Currently, it doesn’t take in rotation correctly, so circles get exploded into seemingly random points instead of one or two off center circles. That might not make much sense before explaining how it works though.
How it works:
-
To gain scale invariance, the input is split into different images, ranging from very zoomed in, to the entire view. This is the top row of images in the top window.
-
The input pixel colors are compared to their surroundings. red to red, green to green, blue to blue. Well, they should be. I don’t think it is, because it’d look like a mostly white edge detector if it did that exactly, so I probably added some of the original image back in. This one still needs some work.
-
The colors are again compared, but this time it’s red to green, blue to yellow, green to red, and yellow to blue.
-
A set of orientation detectors are applied to the previous set. These ones activates a pixel color more if there’s a 3x3 stripe of white-black-white in the right orientation. There are three orientation detectors in this case. It seems to lock to red, green, or blue, instead of going in-between, so that needs some work.
-
A set of line end detectors are applied to the previous set. These should activate pixel colors more when at the end of an oriented line. It doesn’t seem to do it quite right, but it still get’s a sparse, stable set of points. Then, to get individual points, I use max pooling and select only the pixel that’s equal to the max pooling value.
-
In the second window, where it looks like an almost random cloud of points, I use the differences in positions of each activated pixel to set the location:
for pixel a:
for pixel b:
c = new_pixel()
c.position = b.position -a.position + center_position
The output is bigger because pixels can be left, right, above, or below each other, which can result in negative values, so I resize it.
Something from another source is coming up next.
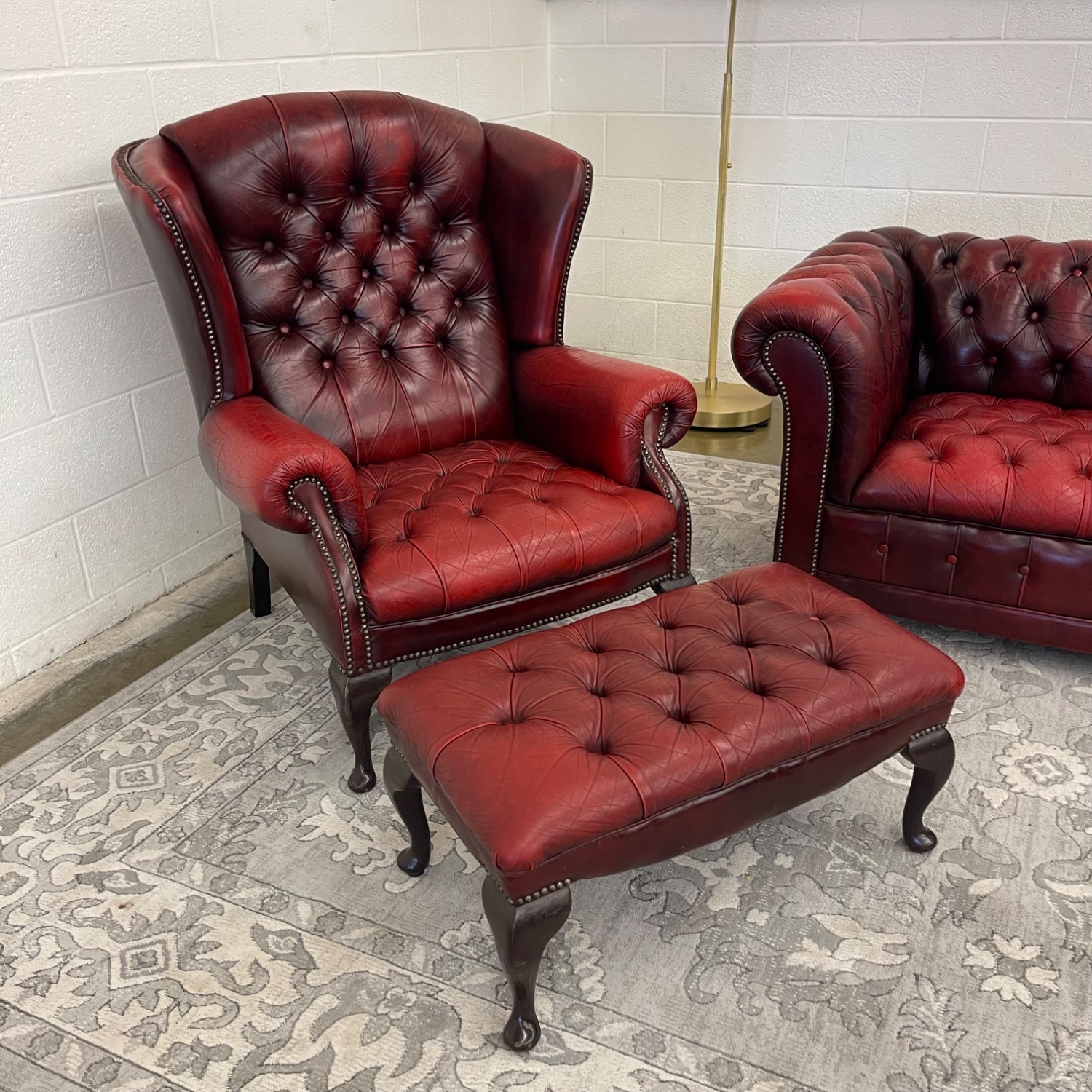 Vintage Tufted Oxblood Chair and Ottoman  - image-1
It does result an a spatial invariant sparse representation of the input, but adding in the orientation would make it much better. Orientation seems to still be locking to whichever vectors I inputted though, so I need to find a way to allow more in-between orientations before I can use that. I could definitely use some help there.
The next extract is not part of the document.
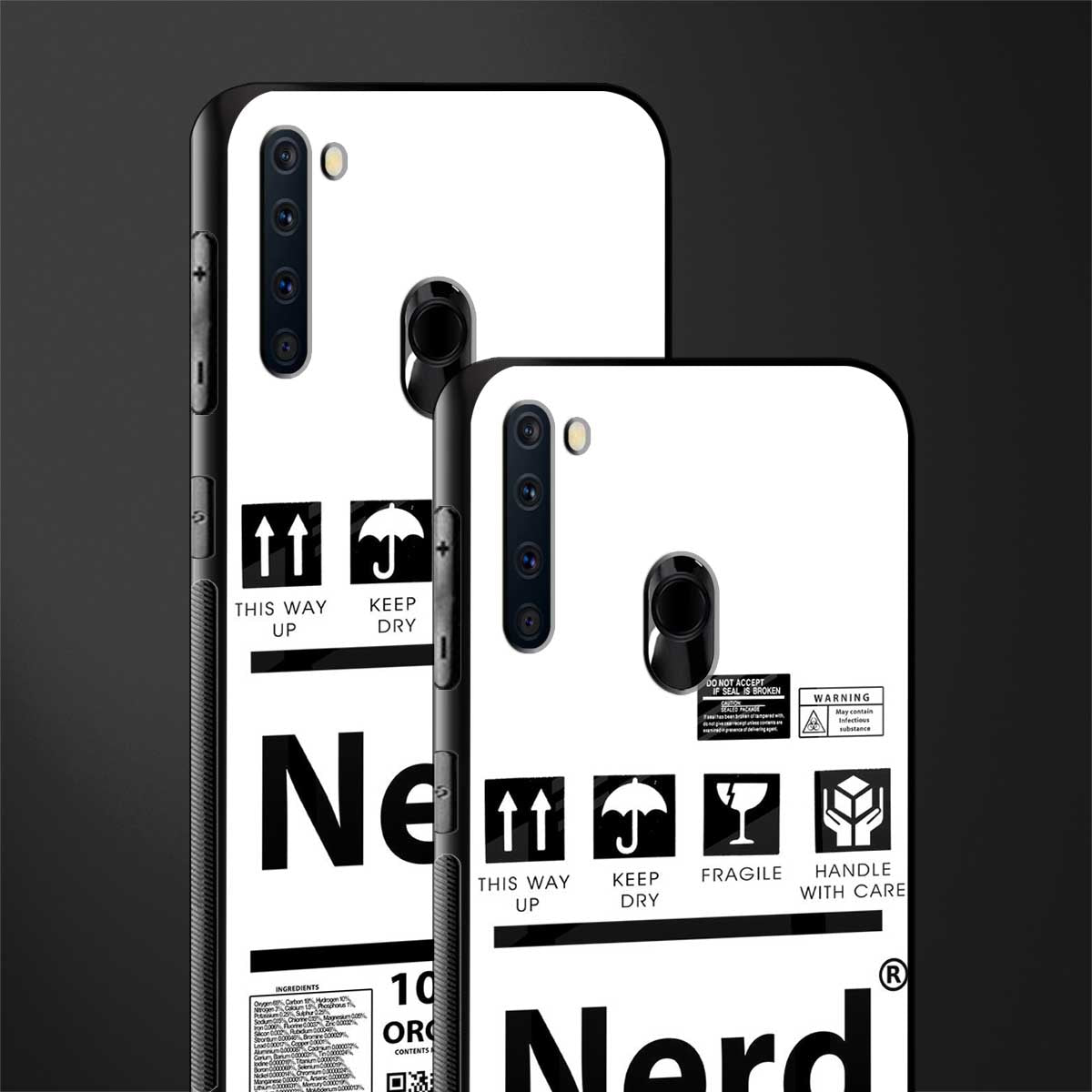 nerd white label glass case for samsung a21 image-2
anyway, the code is available at https://github.com/SimLeek/pySILEnT
I’ll have a lot more free time a little into December, so please tell me anything you’d need to use this as a library. I’ll probably only be able to finish one or two of these before I have to work on other stuff , but here’s what I’m thinking so far:
- A callback with direct translation to nupic SDRs (1)
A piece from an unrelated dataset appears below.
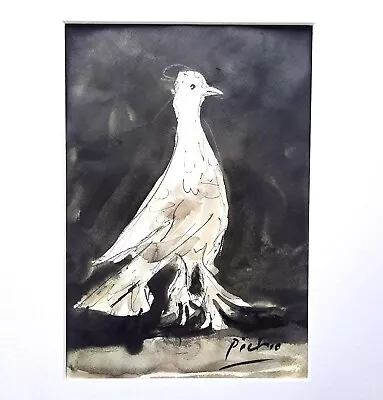 Original Pablo Picasso Hand Painted Ink On Paper Dove Signed Not A Print • $446.69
- Inputting individual images (1)
- translate a different aspect of vision to SDR, like difference between current and previous frame
- easy size selection
- improved orientation detection
- Limiting pixels chosen for space-invariance loop by distance&activation strength
- rudimentary real time sound->SDR conversion, with some streaming audio input library like sounddevice
- Create GPU optimized sparse tensor ops and start optimizing the spatial/temporal poolers.
It’s not installable via pip or conda yet, but you can pull and run it after installing tensorflow, opencv, and my cvpubsubs library.